The Coca-Cola Company reported that the mean per capita annual sales of its beverages in the United States was 423 eight-ounce servings (Coca-Cola Company website, February 3 2009 ). Suppose you are curious whether the consumption of Coca-Cola beverages is higher in Atlanta, Georgia, the location of Coca-Cola's corporate headquarters. A sample of 36 individuals from the Atlanta area showed a sample mean annual consumption of 460.4 eight-ounce servings with a standard deviation of \(s=101.9\) ounces. Using \(\alpha=.05\) do the sample results support the conclusion that mean annual consumption of Coca-Cola beverage products is higher in Atlanta?

Short Answer

Expert verified
Reject the null hypothesis; consumption is higher in Atlanta.

Step by step solution

01

Formulate Hypotheses

We have the null hypothesis and the alternative hypothesis. The null hypothesis \(H_0\) states that the mean annual consumption in Atlanta is equal to the national average, \( \mu = 423 \). The alternative hypothesis \(H_a\) states that the mean annual consumption in Atlanta is greater than the national average, \( \mu > 423 \). This is a one-tailed test.
02

Calculate the Test Statistic

We use the formula for the test statistic of a sample mean when the population standard deviation is unknown: \[ t = \frac{\bar{x} - \mu}{s/\sqrt{n}} \]Substituting the given values, \( \bar{x} = 460.4 \), \( \mu = 423 \), \( s = 101.9 \), and \( n = 36 \), we have: \[ t = \frac{460.4 - 423}{101.9 / \sqrt{36}} \approx 2.229 \]
03

Determine the Critical Value

Since the significance level \( \alpha = 0.05 \) and the test is one-tailed, we look up the critical value for \( t \) with \( n - 1 = 35 \) degrees of freedom.
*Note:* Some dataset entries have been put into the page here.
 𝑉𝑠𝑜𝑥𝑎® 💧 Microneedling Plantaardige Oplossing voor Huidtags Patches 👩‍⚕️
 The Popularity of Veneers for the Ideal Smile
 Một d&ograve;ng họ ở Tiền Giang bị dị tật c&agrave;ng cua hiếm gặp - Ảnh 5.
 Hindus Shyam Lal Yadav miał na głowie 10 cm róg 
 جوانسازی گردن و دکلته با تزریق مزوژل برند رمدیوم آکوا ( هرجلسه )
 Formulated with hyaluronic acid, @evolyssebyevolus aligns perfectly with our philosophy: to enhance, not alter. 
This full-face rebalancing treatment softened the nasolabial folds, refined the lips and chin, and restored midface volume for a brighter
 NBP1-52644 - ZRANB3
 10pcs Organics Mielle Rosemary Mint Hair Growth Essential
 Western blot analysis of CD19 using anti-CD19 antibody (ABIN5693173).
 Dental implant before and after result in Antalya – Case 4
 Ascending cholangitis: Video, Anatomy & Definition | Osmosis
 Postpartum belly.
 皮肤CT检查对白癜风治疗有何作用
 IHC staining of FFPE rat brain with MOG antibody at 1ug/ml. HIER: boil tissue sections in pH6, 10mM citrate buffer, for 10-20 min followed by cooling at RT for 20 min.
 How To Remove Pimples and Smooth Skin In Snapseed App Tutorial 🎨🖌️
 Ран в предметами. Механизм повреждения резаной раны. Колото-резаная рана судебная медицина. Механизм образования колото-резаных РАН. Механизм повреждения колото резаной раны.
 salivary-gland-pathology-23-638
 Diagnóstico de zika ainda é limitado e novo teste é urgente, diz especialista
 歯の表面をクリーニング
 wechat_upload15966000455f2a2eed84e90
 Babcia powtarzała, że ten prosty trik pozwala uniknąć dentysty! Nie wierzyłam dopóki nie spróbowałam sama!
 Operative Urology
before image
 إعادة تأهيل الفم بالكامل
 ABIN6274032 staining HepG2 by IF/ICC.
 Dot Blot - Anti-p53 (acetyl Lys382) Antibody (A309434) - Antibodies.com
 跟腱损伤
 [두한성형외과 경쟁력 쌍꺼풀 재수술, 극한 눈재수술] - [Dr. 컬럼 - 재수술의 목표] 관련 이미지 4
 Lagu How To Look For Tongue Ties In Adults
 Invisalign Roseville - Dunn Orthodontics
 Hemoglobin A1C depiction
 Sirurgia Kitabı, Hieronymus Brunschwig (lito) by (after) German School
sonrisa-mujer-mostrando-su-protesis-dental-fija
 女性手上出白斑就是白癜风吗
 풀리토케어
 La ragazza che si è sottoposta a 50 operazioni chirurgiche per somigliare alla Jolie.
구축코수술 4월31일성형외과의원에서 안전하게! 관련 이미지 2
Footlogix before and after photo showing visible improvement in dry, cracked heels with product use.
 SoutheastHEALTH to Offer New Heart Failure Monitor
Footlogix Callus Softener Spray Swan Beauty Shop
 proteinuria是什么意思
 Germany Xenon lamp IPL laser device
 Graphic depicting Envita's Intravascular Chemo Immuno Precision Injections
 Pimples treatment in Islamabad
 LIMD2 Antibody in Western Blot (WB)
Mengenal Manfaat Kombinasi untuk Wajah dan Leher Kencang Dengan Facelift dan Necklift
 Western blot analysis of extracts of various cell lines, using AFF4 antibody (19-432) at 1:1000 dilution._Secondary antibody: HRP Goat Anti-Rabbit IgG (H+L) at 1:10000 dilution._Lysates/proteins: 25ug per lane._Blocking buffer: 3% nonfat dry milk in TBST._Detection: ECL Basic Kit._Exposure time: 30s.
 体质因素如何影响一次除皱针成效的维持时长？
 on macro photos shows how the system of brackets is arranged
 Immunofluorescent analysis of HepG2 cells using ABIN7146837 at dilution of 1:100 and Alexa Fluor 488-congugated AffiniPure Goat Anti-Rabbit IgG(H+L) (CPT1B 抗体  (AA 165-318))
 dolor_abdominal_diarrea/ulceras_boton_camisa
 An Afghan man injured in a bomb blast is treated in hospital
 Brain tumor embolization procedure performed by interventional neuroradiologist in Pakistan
Using a t-distribution table, the critical value \( t_{\alpha} \approx 1.690 \).
04

Compare Test Statistic to Critical Value

Since the calculated test statistic \( t = 2.229 \) is greater than the critical value \( t_{\alpha} = 1.690 \), we reject the null hypothesis.
05

Conclusion

With \( t = 2.229 > 1.690 \), there is sufficient evidence at the \( \alpha = 0.05 \) significance level to conclude that the mean annual consumption of Coca-Cola beverage products is higher in Atlanta than the national average.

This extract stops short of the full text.